Kerrey apologized for the remark by exclaiming that the comment “was encouraged by the spirit of the event. There were a lot of locker-room jokes going around . . . including some about me—‘one-legged’ jokes” (Kerrey lost a leg in Vietnam).

Later during that campaign cycle, it was Clinton who had to employ damage control. A news reporter asked him what he thought about the report that the Reverend Jesse Jackson had endorsed U.S. Senator Tom Harkin (D-IA) over Clinton. The report was later proved inaccurate. Jackson had not endorsed any Presidential candidate. Believing the camera was not on, an incensed Clinton responded: “It’s an outrage, a dirty, double-crossing, back-stabbing thing to do. For him to do this, for me to hear this on a television program, is an act of absolute dishonor.”
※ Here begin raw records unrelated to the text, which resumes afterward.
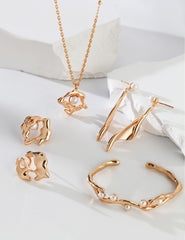 Cloudscape Moon Pearl Bracelet_Vintage Gold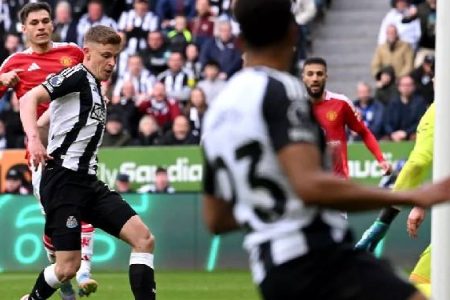PL: Newcastle United Extend Winning Streak To Five With 4-1 Thumping Of Man Utd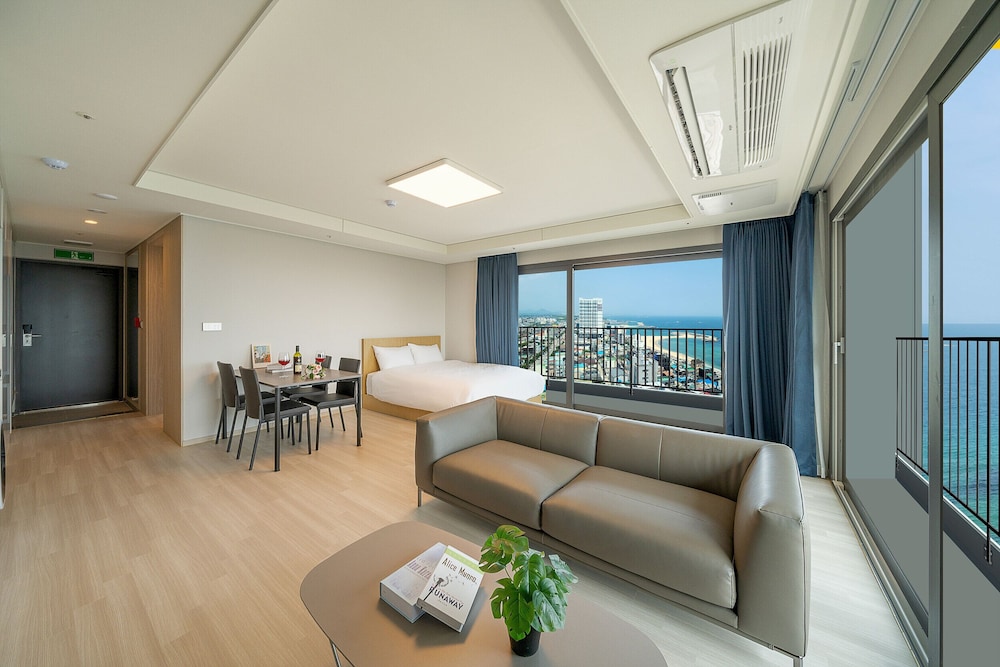 Sokcho I Park Suite Hotel and Resort 26/46
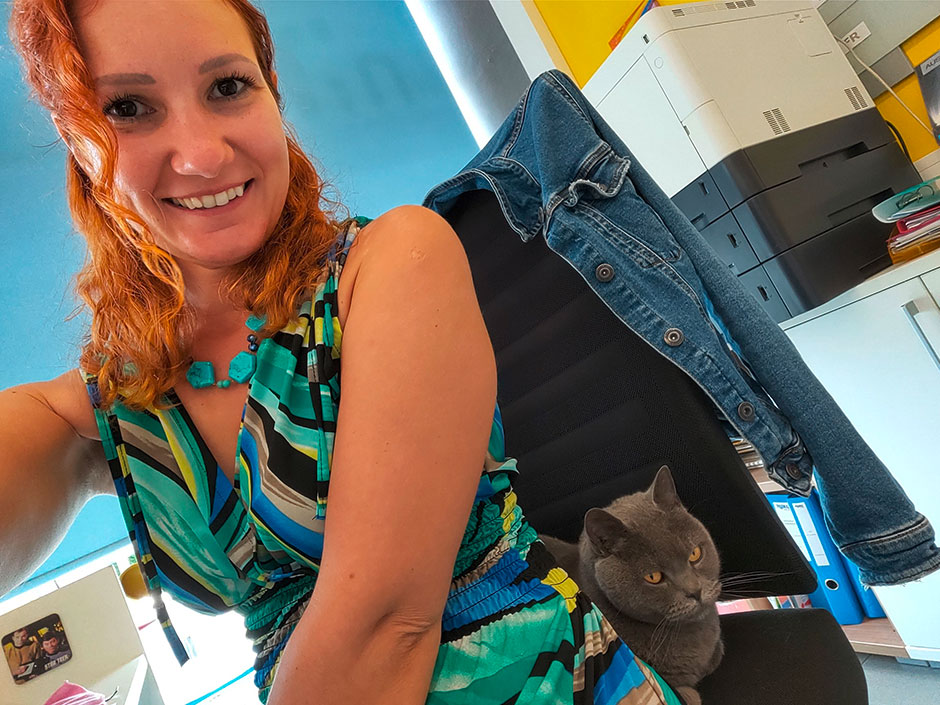 Lilli Platzer und ihre Katze namens Corona | Credit: Trubka GmbH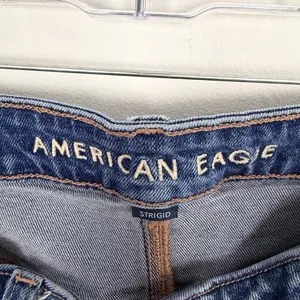 American Eagle Strigid Mom Jeans Size 12 Short Medium Wash High Waist Raw Hem thumbnail 9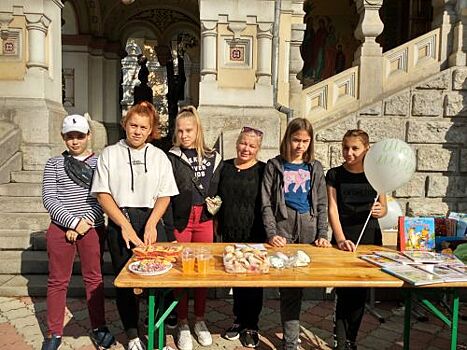 На ЮБК прошла Всекрымская благотворительная акция "Белый цветок"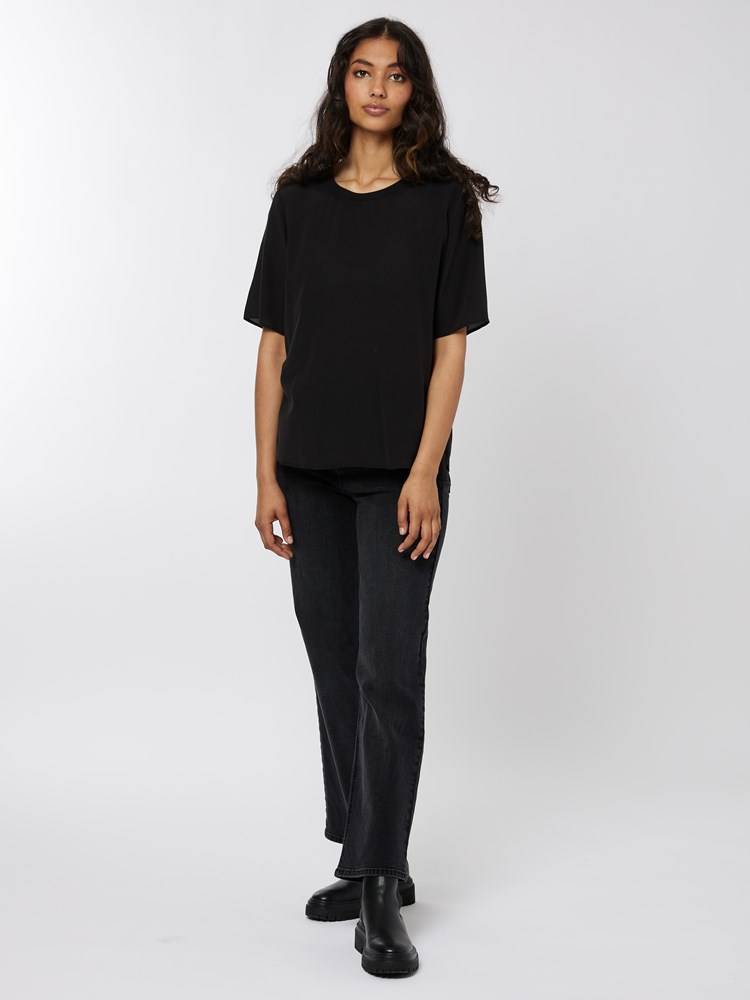Sadie silketopp 7501232_CAB-BLU-A22-Modell-Front_chn=vic_3450_Sadie silketopp CAB 7501232.jpg_Front||Front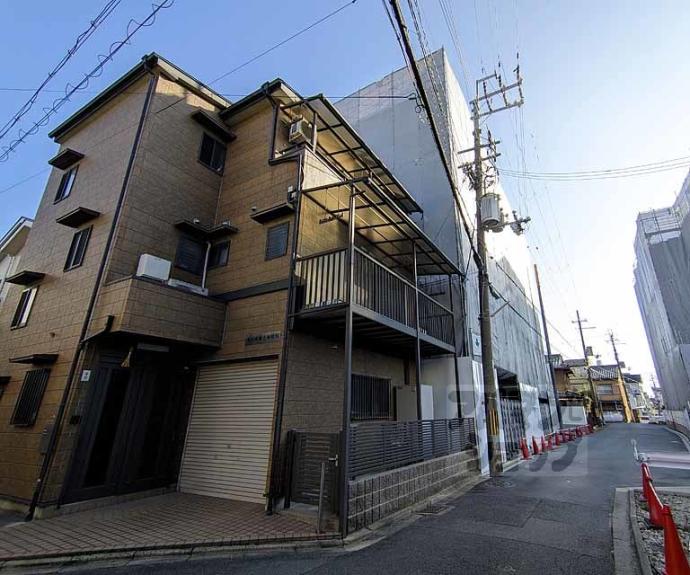 【ＣＲＥＳＴ　ＴＡＰＰ　京都太秦天神川ｄｅｘ】間取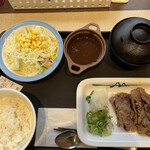 Matsuya - アンガス牛焼肉定食+小鉢カレー追加
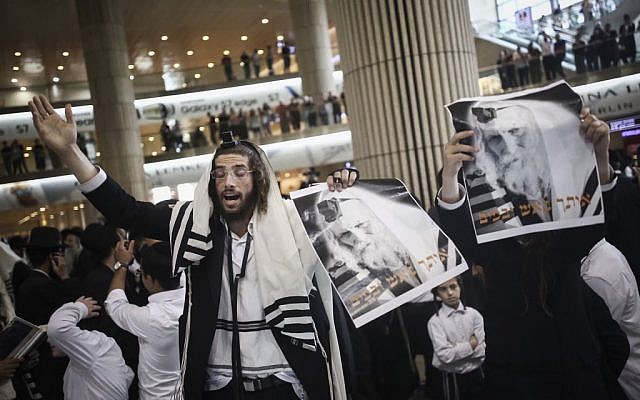 Ultra orthodox Jewish men gather to pray during a demonstration in support of Rabbi Eliezer Berland before his arrival to the Ben Gurion Airport in Tel Aviv, on July 19, 2016. (Photo by Yonatan Sindel/Flash90)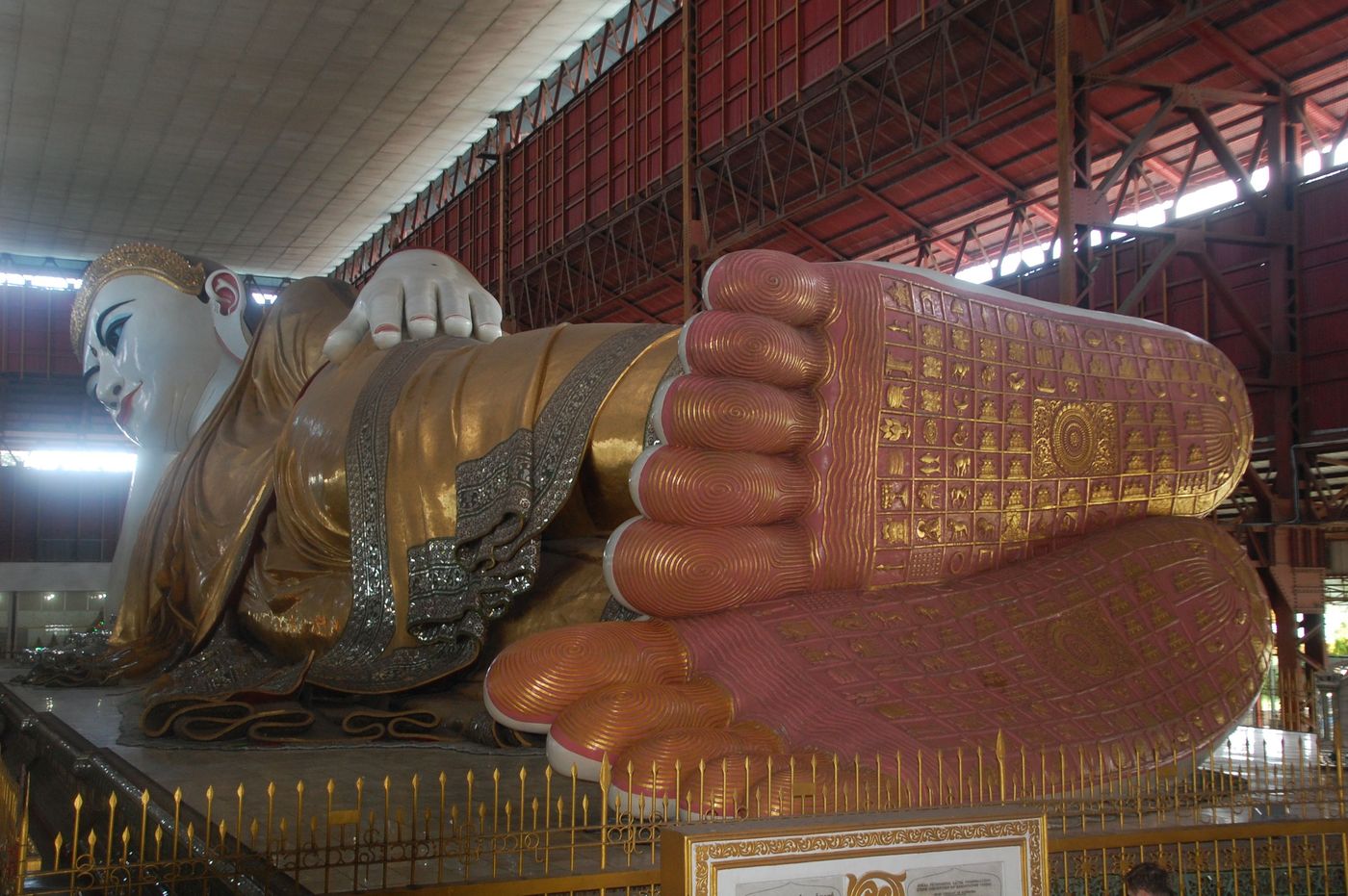 Bouddha couché (70 m de long)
Clinton’s answer took news headlines away from Clinton’s message, as the news media focused like a laser beam for the next few days on Clinton’s statement. Jackson replied: “I am disturbed by the tone of the blast at my integrity, my character. I feel blind-sided by what I saw and heard him say.”

In 1994, U.S. Representative Martin R. Hoke (R-OH) was about to be interviewed jointly with U.S. Representative Eric Fingerhut (D-OH) after President Bill Clinton’s 1994 State of the Union Address. A female television producer asked Hoke to unbutton his jacket. Hoke responded: “You can ask me to do anything you want.” Hoke then said to Fingerhut: “She’s got ze beega breasts.” The incident was taped, though not broadcast live. The tape was soon played on Cleveland television stations, prompting Hoke to publicly apologize and declare: “I need a 2-by-4 to the head.”
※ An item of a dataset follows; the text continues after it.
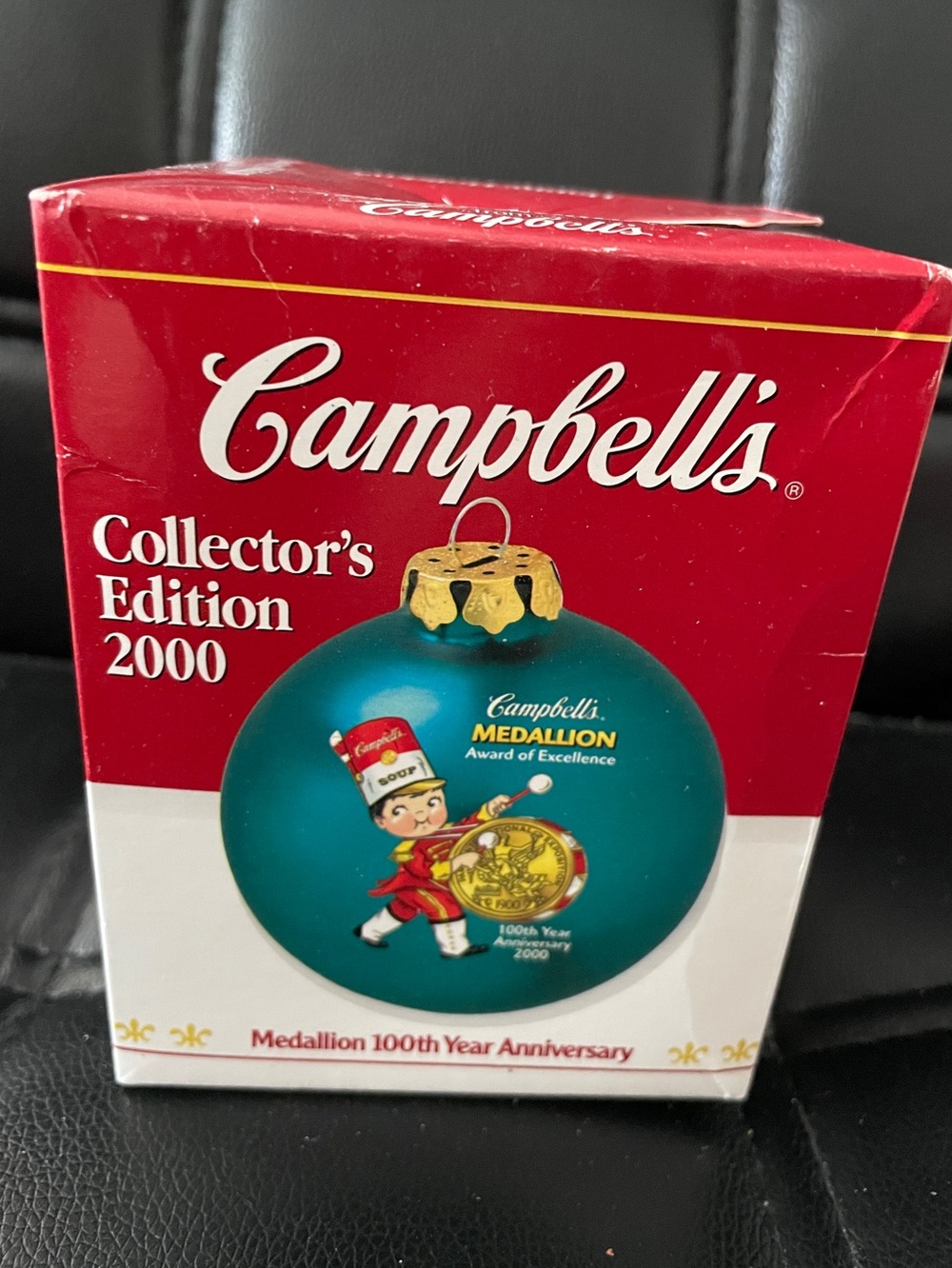Campbell's Soup Collector's Edition 2000 Medallion 100th Year Aniv. Ornament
In 1997, then Canadian Prime Minister Jean Chrétien was caught on a live microphone telling a counterpart at the North Atlantic Treaty Organization (NATO) Expansion Summit: “All this for short-term political reasons, to win elections. In fact [U.S. politicians] are selling their votes, they are selling their votes…. It’s incredible. In your country or mine, all the politicians would be in prison.”

At a campaign rally in Naperville, Illinois in 2000, where the Republican nominees for President and Vice President, George W. Bush and Dick Cheney, were on the podium waving to the assembled crowd and getting ready to speak, Cheney noticed Adam Clymer of The New York Times with other members of the press. Cheney said to Bush: “There’s Adam Clymer, Major League Asshole from The New York Times.” Bush responded: “Oh yeah, he is big time.” The microphone picked up the conversation, and it became front-page news. The reason Bush and Cheney had such a negative view of Clymer is that he wrote an article concluding that Cheney donated just 1% of the money he had earned in the energy industry to charity.

In the wake of the September 11, 2001 hijackings, Acting Massachusetts Governor Jane Swift delivered an address to the Commonwealth, announcing that State Police Superintendent John DiFava would replace Joe Lawless as Airport Security Chief. With the microphone still on, Swift stated: “They Work for me and they know I’m in a firing mood. Just kidding. I hope my mic wasn’t on.”

In 2010, U.S. Senate candidate Carly Fiorina was caught on an open microphone lampooning her opponent, U.S. Senator Barbara Boxer. Talking with campaign aides, Fiorina mentioned that a friend of hers had seen Boxer on television “And she said what everyone says. ‘God, what is that hair? So yesterday.’”

Senators Collins and Reed are the most recent in a long litany of politicians who have been caught speaking their true feelings. One would think that politicians would use abundant judiciousness when entering a room where there could be a microphone. In fact, it would be wise to assume that live microphones are everywhere. Serious consequences may result when politicians are caught off guard and speak “candidly” as opposed to “politically.”